The Evangelical Fellowship of Canada
"The Evangelical Fellowship of Canada (EFC) is a national association of evangelical Christians. It exists to bring Christians together for greater impact in mission, ministry and witness. The Evangelical Fellowship of Canada was founded in 1964 as a means of encouraging cooperative action. Its affiliates include over 115 denominations, ministry organizations and educational institutions, and nearly 1,000 local church congregations. The EFC also has more than 15,000 supporting individuals."

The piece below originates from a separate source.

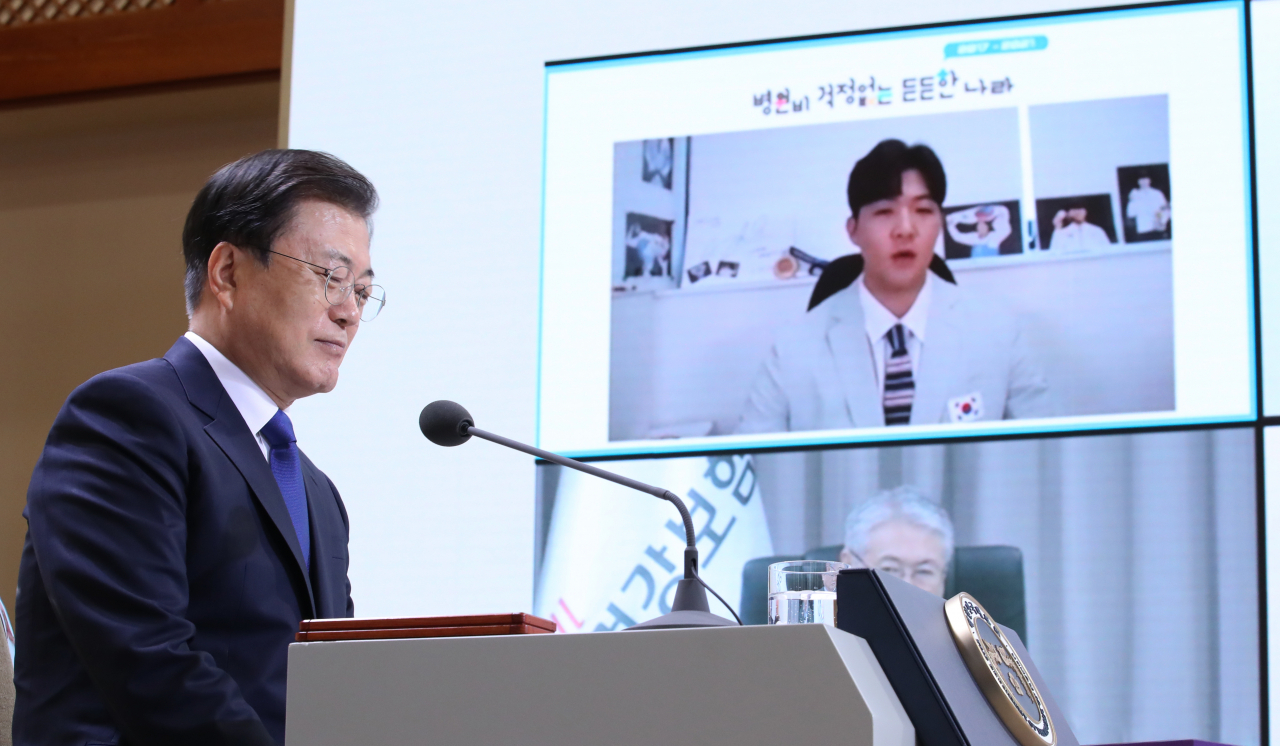 문재인 대통령이 12일 청와대 본관에서 화상을 통해 열린 건강보험 보장성 강화대책 4주년 성과 보고대회에서 도쿄올림픽 태권도 동메달리스트 인교돈 선수의 보장성 강화 수혜 사례 발표를 듣고 있다. [연합]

Evangelical Free Church of America
"The EFCA movement exists to glorify God by multiplying healthy churches among all people. The Evangelical Free Church of America is an association of some 1,300 autonomous churches united by a mutual commitment to serve our Lord Jesus Christ with the guidance of the Holy Spirit and obedience to the Word of God. We are committed to cooperate with one another in ministry and fellowship as we seek to fulfill the Great Commission which Christ has entrusted to His Church. The growing ministry of the EFCA currently extends to some 45 countries of the world. The term Evangelical refers to our commitment to the proclamation of the Gospel and to the authority of Scriptures as being inerrant in the original autographs and the only safe and sufficient guide to faith and practice. The term Free refers to our form of church government as being congregational. Evangelical Free Churches depend upon the active participation of lay people in the decisions and directions."
National Association of Evangelicals
"The mission of the National Association of Evangelicals is to extend the kingdom of God through a fellowship of member denominations, churches, organizations, and individuals, demonstrating the unity of the body of Christ by standing for biblical truth, speaking with a representative voice, and serving the evangelical community through united action, cooperative ministry, and strategic planning."
World Evangelical Alliance
"World Evangelical Alliance is a global ministry working with local churches around the world to join in common concern to live and proclaim the Good News of Jesus in their communities. WEA is a network of churches in 121 nations that have each formed an evangelical alliance and over 100 international organizations joining together to give a worldwide identity, voice and platform to more than 335 million Christians. Seeking holiness, justice and renewal at every level of society - individual, family, community and culture, God is glorified and the nations of the earth are forever transformed. In 1951, believers from 21 countries officially formed the World Evangelical Fellowship. Today, 150 years after the London gathering, WEA is a dynamic global structure for unity and action that embraces 335 million evangelicals in 121 countries. It is a unity based on the historic Christian faith expressed in the evangelical tradition. And it looks to the future with vision to accomplish God's purposes in discipling the nations for Jesus Christ."
"But you, keep your head in all situations, endure hardship, do the work of an evangelist, discharge all the duties of your ministry. For I am already being poured out like a drink offering, and the time has come for my departure. I have fought the good fight, I have finished the race, I have kept the faith. Now there is in store for me the crown of righteousness, which the Lord, the righteous Judge, will award to me on that day -- and not only to me, but also to all who have longed for his appearing."